Los tiempos de tensión y cambio son propicios para mostrar la calidad de los dirigentes políticos y también las fortalezas o debilidades de los partidos. A un año de las votaciones federales el panorama de los organismos y los actores que intervendrán en las campañas electorales está completo y dibujado en sus detalles. Los partidos mayores, PAN, PRD y PRI, han definido sus pretensiones. Si a ellos se les analiza con cuidado bien resalta de inmediato la endeble credibilidad que trasminan a la sociedad como la parte crucial del diagnóstico. Para solidificar su legitimidad y cerrar la brecha de incredulidad que los aqueja, el trío se ha embarcado en sendos procesos transformadores para seleccionar a sus candidatos. En ellos tres, las condiciones y los resultados obtenidos hasta el presente son dispares.

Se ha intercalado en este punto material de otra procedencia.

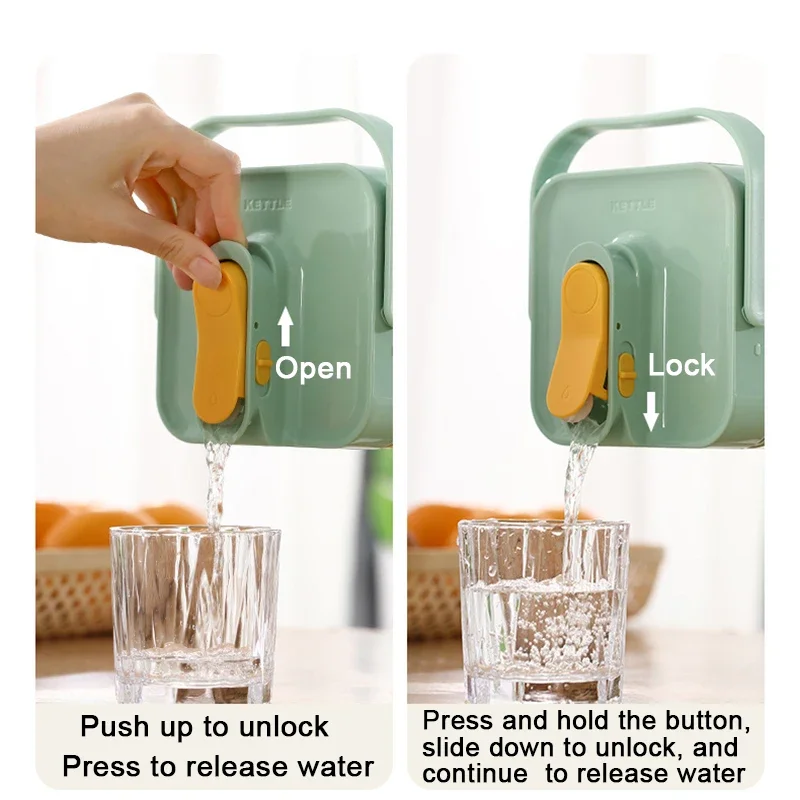 Чайник для холодной воды большой емкости с краном, холодильник, чайник, ведро для напитков, диспенсер для сока, 2,3-3,5 литра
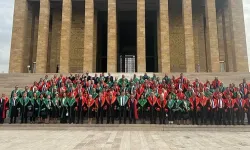 Yargıtay üyeleri adli yılın açılışı dolayısıyla Anıtkabir'i ziyaret etti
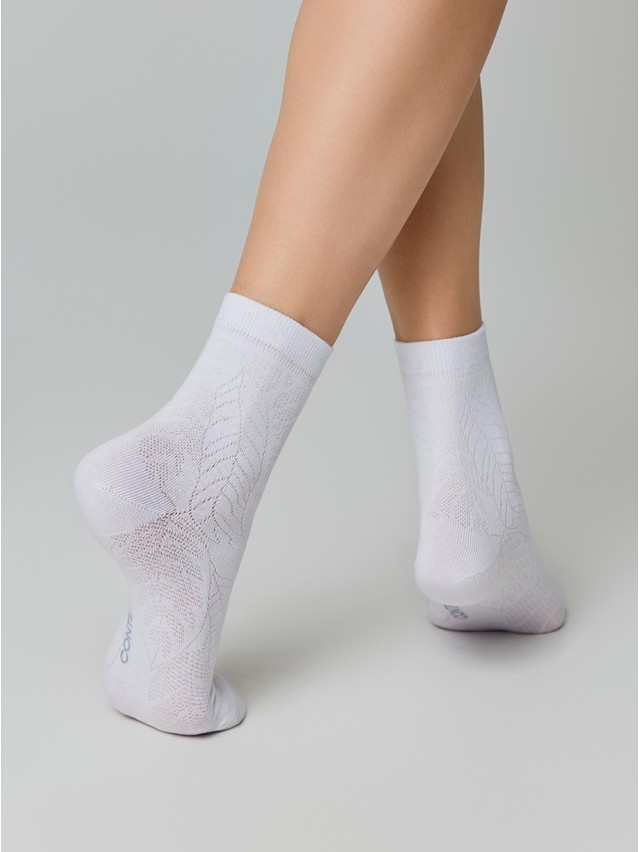 Women's socks CONTE ELEGANT CLASSIC, s.23, 530 white - 4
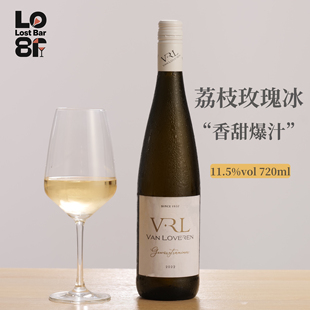荔枝玫瑰冰！南非VRL梵劳伦晚收琼瑶浆蜜桃半甜白葡萄酒威比特酒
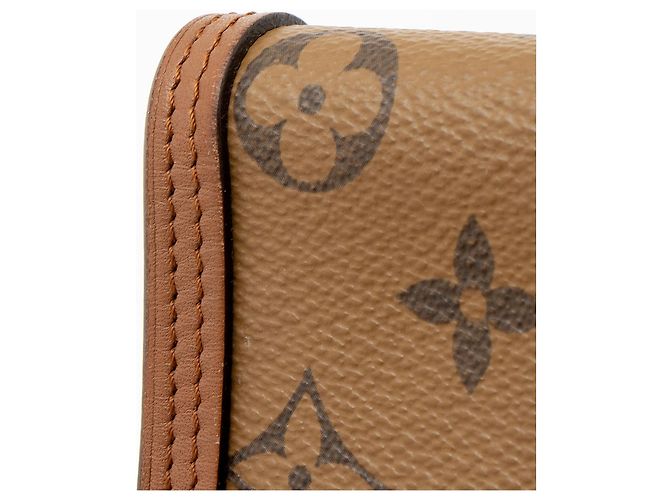 Louis Vuitton Reverse Monogram Dauphine Compact Wallet Braun - Ansicht 8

El que muestra mayores avances, peligros y consecuencias para el país es el que se desató en el PRI. A pesar de ser el más anclado con sus probados rituales, ha hecho un gran esfuerzo por adecuarse al presente y ensanchar así sus oportunidades para competir. El del PAN parece un asunto resuelto de antemano al imponerse, como indiscutible, la figura de Fox. Se la ganó a pulso y desde fuera de la jerarquía partidaria, corriendo por una ruta harto heterodoxa. La reciente modificación de los estatutos panistas para abrirse a la participación de todos sus militantes y adherentes quedará sin el referente de la competencia y, por tanto, sin su contenido legitimador para el que fue diseñada. La definición de su ser partidario, antes sólido y transparente, ha sufrido los desgastes inevitables de las experiencias de gobierno; la afectaron los cambios de dirigentes, la complicaron sus patrocinadores ocultos y la complicaron sus relaciones íntimas con el poder central. Ello es parte sustantiva de su angustia, la creciente interrogante pública y el motivo de sus búsquedas actuales.

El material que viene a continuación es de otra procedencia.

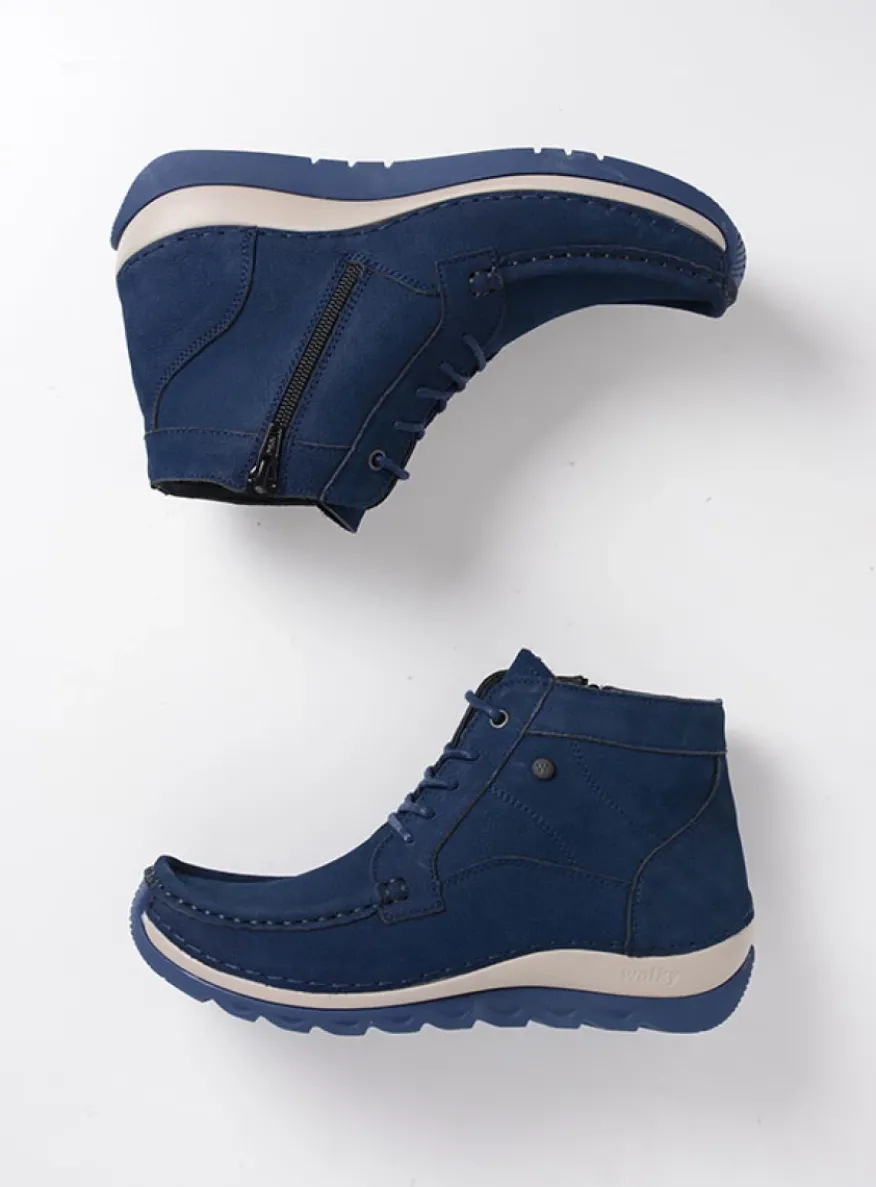 Salado - blauw nubuck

En el PRD cerraron filas alrededor de Cárdenas. Esperando, con verdadera ilusión, renovar la magia del lejano 88 cuando colmaron de gente los polvorientos caminos del México profundo y conjuntaron los afanes reivindicativos de una izquierda, hasta entonces excluida de las decisiones, para galvanizar el descontento de un amplio espectro de votantes sin partido. La experiencia vivida en el 97 capitalino les renovó esperanzas dándoles un sustento que pretenden generalizar para el 2000 de sus pospuestas ambiciones. Lo cierto es que todo apunta hacia un Cárdenas que tampoco tendrá, al interior del partido, rival de consideración y su candidatura será declarada de antemano. La única salvedad que puede encontrar el PRD para brincar el escollo de Muñoz Ledo es ir a unas primarias con la llamada alianza de izquierda.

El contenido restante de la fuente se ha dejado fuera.